Trial Begins for Iran Election Protesters



01 August 2009

Mohammad Ali Abtahi (c) gives testimony at revolutionary court in Tehran, 01 Aug 2009
Mohammad Ali Abtahi (c) gives testimony at revolutionary court in Tehran, 01 Aug 2009
About 100 Iranian activists and political moderates went on trial Saturday to face charges related to massive protests following the controversial presidential election. The semi-official Fars news agency published images of defendants sitting in a packed Tehran courtroom, some handcuffed in pairs.


Former reformist vice president Mohammad Ali Abtahi took the witness stand Saturday in a trial that is accusing key opposition figures of plotting to overthrow the government and fomenting violence.

Abtahi looked almost unrecognizable after having spent over a month in prison. He was dressed in gray pajamas and slippers as he took the witness stand.

Iranian TV said Abtahi admitted that opposition claims that the presidential elections had been rigged were "lies."

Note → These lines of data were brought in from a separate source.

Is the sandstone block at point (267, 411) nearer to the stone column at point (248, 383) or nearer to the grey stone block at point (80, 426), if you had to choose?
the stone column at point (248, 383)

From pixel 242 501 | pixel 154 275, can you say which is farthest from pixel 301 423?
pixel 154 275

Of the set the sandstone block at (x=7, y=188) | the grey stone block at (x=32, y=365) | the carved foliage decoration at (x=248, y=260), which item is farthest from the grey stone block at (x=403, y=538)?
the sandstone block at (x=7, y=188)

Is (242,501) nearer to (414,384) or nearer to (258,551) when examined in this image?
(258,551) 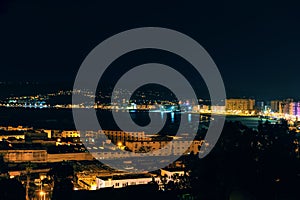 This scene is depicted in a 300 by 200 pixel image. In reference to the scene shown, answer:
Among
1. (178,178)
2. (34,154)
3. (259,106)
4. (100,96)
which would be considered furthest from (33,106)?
(178,178)

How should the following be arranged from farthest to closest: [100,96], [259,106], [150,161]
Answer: [259,106] < [100,96] < [150,161]

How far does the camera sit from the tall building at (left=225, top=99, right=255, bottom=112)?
29.9m

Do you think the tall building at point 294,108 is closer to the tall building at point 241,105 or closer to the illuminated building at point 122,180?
the tall building at point 241,105

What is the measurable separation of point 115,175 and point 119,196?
7.18 ft

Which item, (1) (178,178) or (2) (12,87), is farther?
(2) (12,87)

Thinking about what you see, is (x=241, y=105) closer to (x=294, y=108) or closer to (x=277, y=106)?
(x=277, y=106)

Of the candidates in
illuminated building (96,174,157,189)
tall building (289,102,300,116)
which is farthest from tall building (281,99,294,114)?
illuminated building (96,174,157,189)

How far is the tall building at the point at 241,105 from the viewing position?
29922 mm

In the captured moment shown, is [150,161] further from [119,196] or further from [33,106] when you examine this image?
[33,106]

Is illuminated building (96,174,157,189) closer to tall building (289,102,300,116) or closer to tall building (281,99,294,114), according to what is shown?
tall building (289,102,300,116)

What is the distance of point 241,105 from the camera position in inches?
1208

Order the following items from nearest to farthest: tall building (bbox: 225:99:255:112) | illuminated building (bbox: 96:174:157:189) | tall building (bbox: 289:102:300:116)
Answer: illuminated building (bbox: 96:174:157:189), tall building (bbox: 289:102:300:116), tall building (bbox: 225:99:255:112)

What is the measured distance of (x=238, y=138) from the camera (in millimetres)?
3475

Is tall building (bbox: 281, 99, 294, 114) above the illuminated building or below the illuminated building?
above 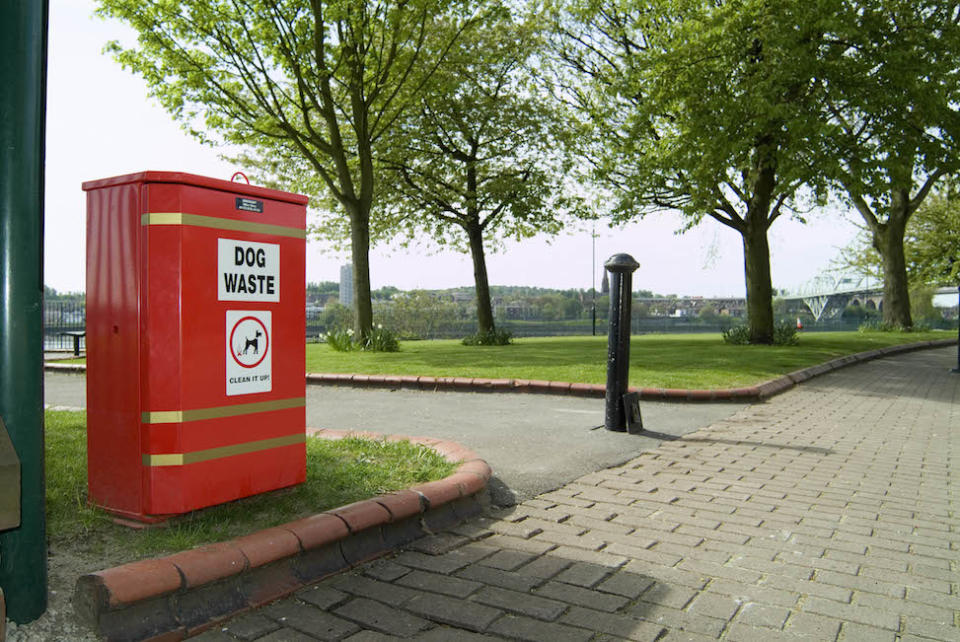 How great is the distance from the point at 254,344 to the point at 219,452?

The Fars news agency reported that Abtahi denounced former presidents Mohammed Khatami and Ali Akbar Hashemi Rafsanjani for trying to "take revenge on [incumbent President Mahmoud] Ahmedinejad and the Supreme Leader [Ali Khamenei]."

Fars also reported that 100 defendants were on trial, showing pictures of them in the front rows of a packed courtroom, with police guards around them.

Iran analyst Mehrdad Khonsari of the London-based Center for Arab and Iranian Studies, argues that Saturday's trials are intended to frighten reformists into backing down in their challenge of the government:

"It's part and parcel of the regime's strategy to intimidate and scare the public into inaction and to use these trials as staging points for warning the elites within Iranian society not to get involved in any kind of activity aimed at discrediting or delegitimizing the government," he said. "The people who have been arrested, I think, will ultimately have to be set free, but the idea is to threaten them with a sentence that they would not necessarily implement, that would deter them from any further defiance of the state."

Despite the Iranian government's attempts to force opposition leaders leaders to back down, Khonsari thinks that the opposition movement "remains robust."

U.S.-based group Human Rights Watch says some prominent lawyers were arrested over the past weeks to prevent them from representing activists in court.

The group says authorities have used harsh interrogations and beatings in an effort to extract false confessions from detainees.

According to Fars, some of the major politicians appearing in court Saturday are former parliament vice speaker Behzad Nabavi and former government spokesman Abdollah Ramezanzadeh. The full list of defendants is not known.